Supporters stéphanois et marseillais font partie des premiers à avoir pris fait et cause pour la requête du Collectif du 5-Mai et à donner une résonnance au mot d’ordre simple mais explicite “Pas de match le 5 mai!”. Cette nouvelle dimension a abouti à la décision prise par le ministère des Sports en 2015 concernant les matchs du 5 mai quand ils tombent un samedi. Appliqué une première fois en 2018, cet accord montre ses limites, voire son absurdité, dès la saison suivante où cinq rencontres sont programmées le dimanche 5 mai. De très nombreuses banderoles, en langue corse ou française, ont alors fleuri dans les tribunes. Un vaste mouvement de solidarité, au-delà des rivalités, s’est exprimé dans de très nombreux stades, de Paris à Ajaccio, en passant par Nantes, Marseille ou encore Toulon, pour n’en citer que quelques-uns.

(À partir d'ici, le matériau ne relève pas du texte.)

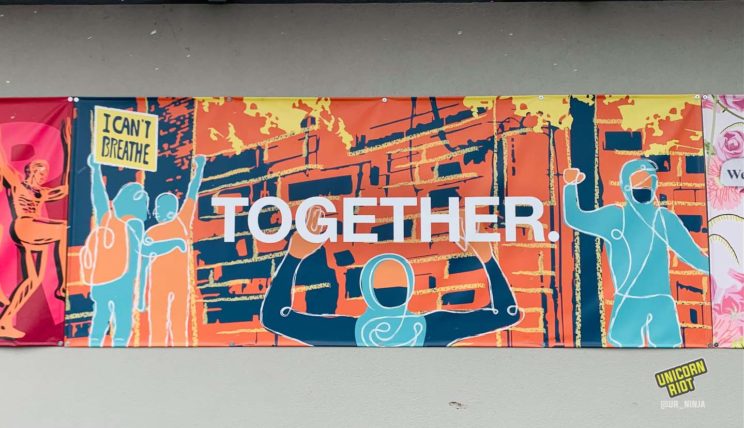 Mural features a scene of a burning building with protesters cheering, holding a sign that reads “I can’t breathe” across the street from the 3rd precinct police station which was torched by demonstrators / Photo by Marjaan Sirdar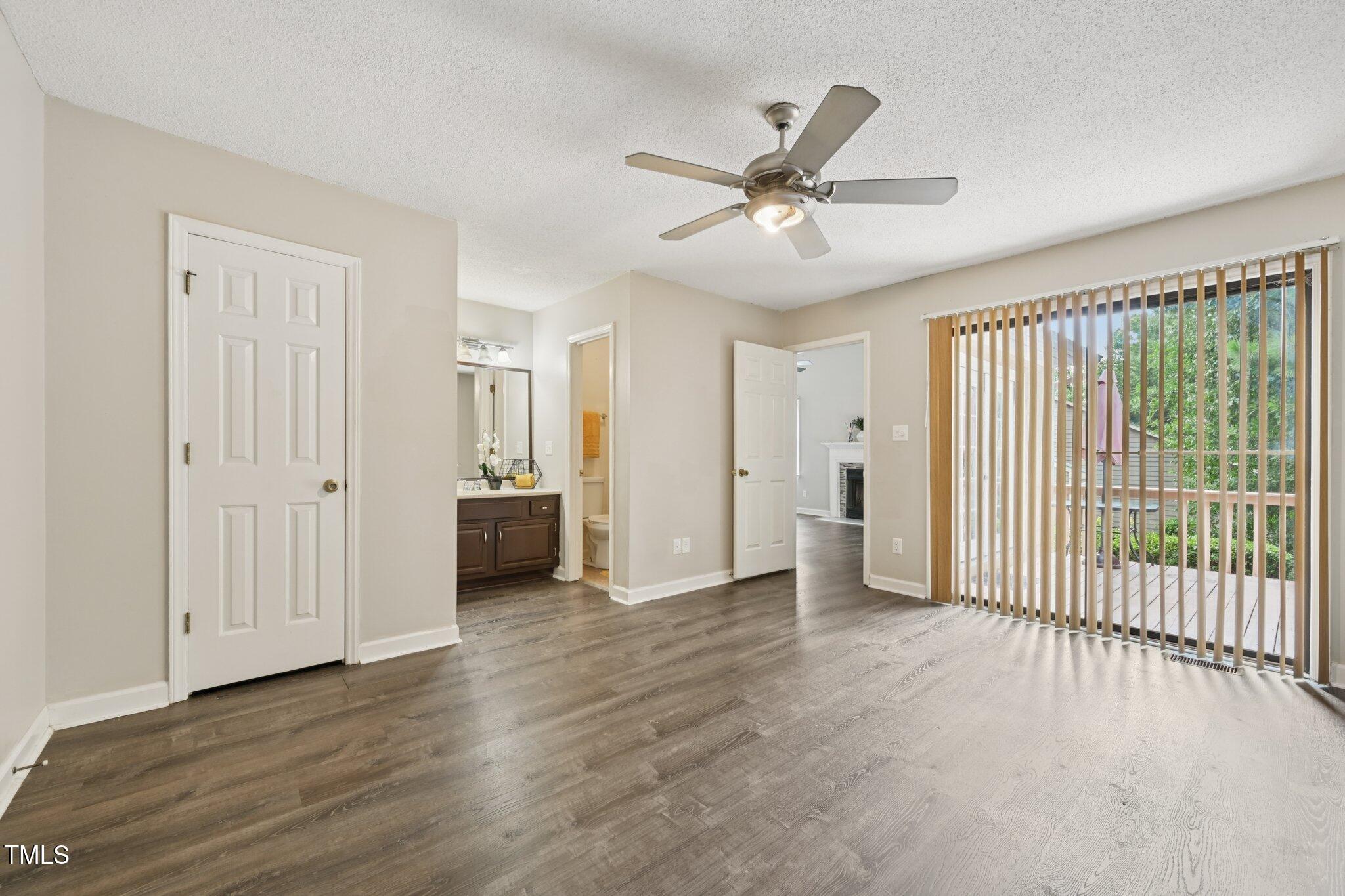 3534 Rawdon Drive Durham, NC 27713 - Photo 27 of 43 a view of a livingroom with wooden floor and a ceiling fan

Plusieurs personnalités, notamment du monde du football, se sont ralliées au fil du temps à cette cause. Deux jours avant le vote de la proposition de loi à l’Assemblée était publiée dans la presse une tribune, signée par 135 personnalités politiques, sportives et culturelles, appelant les parlementaires “à poursuivre cet élan humaniste, à dépasser les clivages partisans et à laisser la place à la parole du coeur“. Derrière ces mots et le consensus qui en découle, la future loi ne doit pas faire oublier que ce symbolique gel des matchs le 5 mai arrive bien tard.